2) Yogurt Unsolved Twenty years after the brutal slaying of four girls, the infamous 1991 yogurt shop murders remain unsolved. A handful of defense attorneys and at least one of the original case investigators say that going back to square one – the scene of the grisly crime – is what's needed to find the solution.
3) See No Evil at APA Austin Police Association members were riled by the purchase of a union hall without consultation and the use by an executive board member of officer-donated leave time for statewide union business. Nevertheless, the membership – in a record-low turnout – re-elected President Wayne Vincent and named Combined Law Enforcement Agencies of Texas President Todd Harrison second-in-command.
4) We'd Rather Not Know The state's Forensic Science Commission closed its inquiry into the 2004 Cameron Todd Willingham capital arson case without ruling whether fire investigators were negligent during their initial review. Fire scientists have said that state investigators relied on outdated science and myths to conclude that the since-executed Willingham was guilty of an arson that killed his three children – but Attorney General Greg Abbott limited the FSC's jurisdiction before the panel could rule.
5) Another APD Shooting At year's end, the May police shooting death of Byron Carter remained unresolved, though the cops implicated are back on the job. Police accused Carter and a companion of casing cars near Downtown when officers shot passenger Carter in self-defense; the Carter family attorney says the young men were doing nothing wrong and were shot in panic or negligence. A grand jury no-billed the juvenile for aggravated assault, and the APD and criminal investigations continue.
6) He Had a Point After decades of replacing punctured tires, Hyde Park residents saw the arrest and prosecution of longtime neighborhood tire-slasher Tommy Kelley. The 56-year-old homeless man represented himself at trial and was sentenced to 10 years in prison, with more cases to come.
7) Suspicion Lingered Ten months after Maurice Pierce was shot and killed by APD Officer Frank Wilson after a foot chase, a Travis County grand jury cleared Wilson of wrongdoing in the death of the former suspect in the 1991 yogurt shop murders. Charges against Pierce were dropped in 2003 for lack of evidence, and though the shooting took place more than a year ago and the grand jury no-billed Wilson this fall, Pierce's personal property has not yet been returned to his family.
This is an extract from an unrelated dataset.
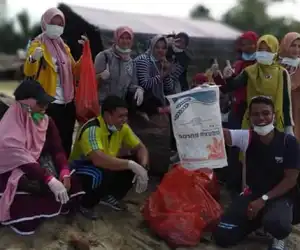 Sambut Hari Kebersihan Sedunia, Ratusan Relawan Bersih Pantai di Abdya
8) That's Not the Guy Faulty identification is the cause of most of the state's wrongful convictions, and Texas lawmakers finally passed a first step to reforming eyewitness ID procedures, although without enforcement mechanisms. The APD and Travis County D.A.'s Office released a study demonstrating that double-blind sequential lineups greatly reduce mistaken IDs.
9) Deregistering Romeos After years of increasing criminal sanctions for sex offenses, legislators finally passed a modest measure to undo some injustices. The new law allows some youthful offenders whose romantic liaisons have branded them as deviants a way to have their names removed from the state's exploding sex offender registry.
10) One Inquiry Ends ... The U.S. Deptartment of Justice officially ended its four-year probe of APD practices, concluding there was "no reasonable cause to believe that APD has engaged in a pattern or practice" of illegal policing. The probe was requested in 2004 by the Texas Civil Rights Project and the Austin NAACP, based on accusations of excessive force against minority residents. The FBI has reportedly said it is now reviewing the APD shooting of Byron Carter.